Goodbye Tucson!

Oh Snyder Hill! I’m so ready to leave... I’ve been ready to leave for a while now, but great people kept coming and great events kept taking place... and well, we love our friends Antonio and Pascale and their boys who live here... but it’s more than time to get our wheels rolling towards new adventures now. I have itchy feet (I always do...), but I’m more ready than ever to discover new places, ride new trails, photograph new landscapes... and climb OUTSIDE!

As we sat down with a glass of wine one night JF and I, I told him (for the tenth time...) how ready I was to get back on the road. He told me what most of you would tell me, I’m sure : Cat, we’ve only been in the same place for two months!
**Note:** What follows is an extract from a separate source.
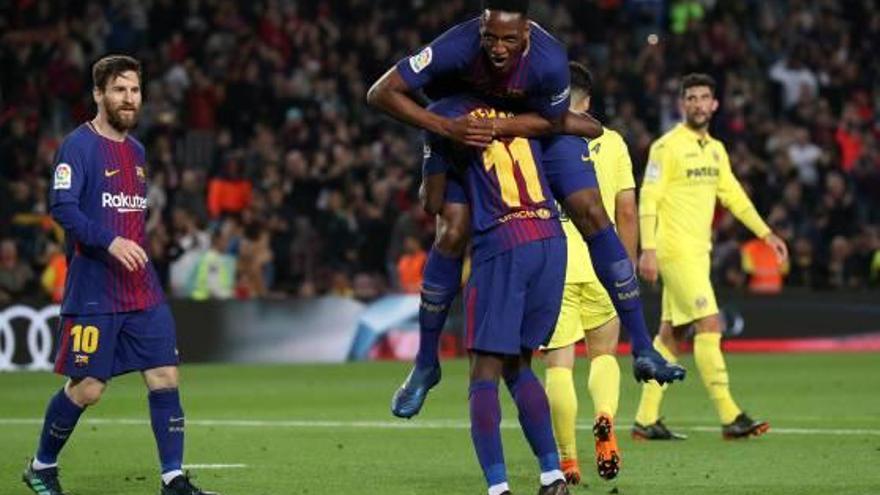 Yerry Mina salta per abraçar-se a Ousmane Dembélé, autor dels dos últims gols.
What would you do if we stopped traveling?

You see, that’s the assumption a lot of people have and that’s also why travelers hesitate to publicly say they are going through a tough time... 

I spoke to people that have experienced the same thing I did when we arrived in Costa Rica: boredom, a sense of disconnexion, a lack of purpose... It’s a strange feeling... to which you add the fact that you don’t want to speak about it because well, you’re traveling and most people are envious of the life you have and would trade your boredom for their busyness.

The truth is, boredom is not the opposite of busyness. I can be bored even if I have a line up of contracts. For me, it’s a lack of drive, of spark...
a sense of disconnexion with the people and the world around me. I guess that’s what boredome can feel like to an extraverted person... or maybe it's just me... but the feeling is real.

"I am convinced that boredom is one of the greatest tortures. If I were to imagine Hell, it would be the place where you were continually bored."